French ‘jungle’ refugee children stuck in limbo
DOZENS of migrants stranded in the Calais “Jungle” refugee camp, some of them children, desperately sought a way out yesterday as diggers begin tearing down the last remaining shelters in the burnt-out camp in northern France.
A day after the official operation to evict the migrants came to a dramatic end, with fires ripping through the shantytown, around 100 people were still waiting to know their fate.
The interior ministry said on Wednesday that nearly 5,600 migrants had been taken into shelters around France or accepted into Britain — out of the 6,400 estimated by authorities to have been living in the camp up until this week.
Officials hailed the operation as a success, saying the informal part of the camp was now empty.
But scores of migrants were left behind, some of whom slept in the biting cold, huddled together in sleeping bags. Others camped out in the hangar where migrants were registered this week for relocation.
Yesterday, dozens of people gathered outside the registration center hoping to be given a ticket out.

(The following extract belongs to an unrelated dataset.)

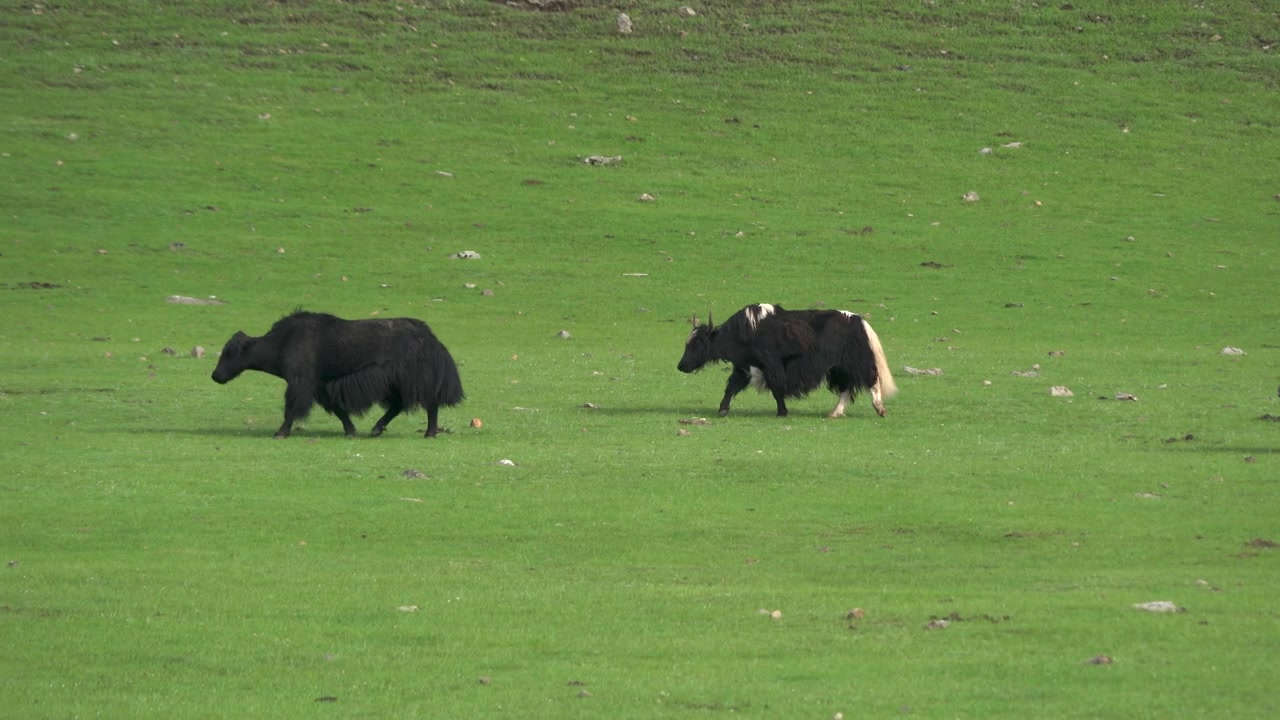Sekelompok Yak Merumput di Padang Rumput Gunung yang Hijau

“I spent the entire night here!” a young Afghan said. “I am in the queue for minors to go to England. I have family there.”
Regional security chief Fabienne Buccio said those left in the camp had come from “Germany, Paris and elsewhere” and that registrations for transfer to other parts of France had closed.
Denouncing the situation, the Save the Children charity said “the situation for children in Calais after the demolition is the worst it’s ever been” and that some children “had nowhere to go.”
But the head of the French immigration office said that 10 buses were on standby to take those left to shelter. “It’s our final offer,” Didier Leschi said.
Some 1,500 children are being housed temporarily in an on-site park of specially fitted shipping containers, which is now full.
As the clean-up began, a mechanical digger and other machines tore into makeshift shelters to clear up the settlement.
Some shacks in the slum outside the port of Calais — long a launchpad for attempts to sneak across the Channel to Britain — were still smouldering from the fires started the day before.
Buccio claimed on Wednesday a “page has been turned” for the camp, which was a magnet for migrants hoping to sneak onto lorries or trains heading across the Channel to England.
But the fate of unaccompanied minors — the cause of a bitter blame game between Paris and London — remained uncertain.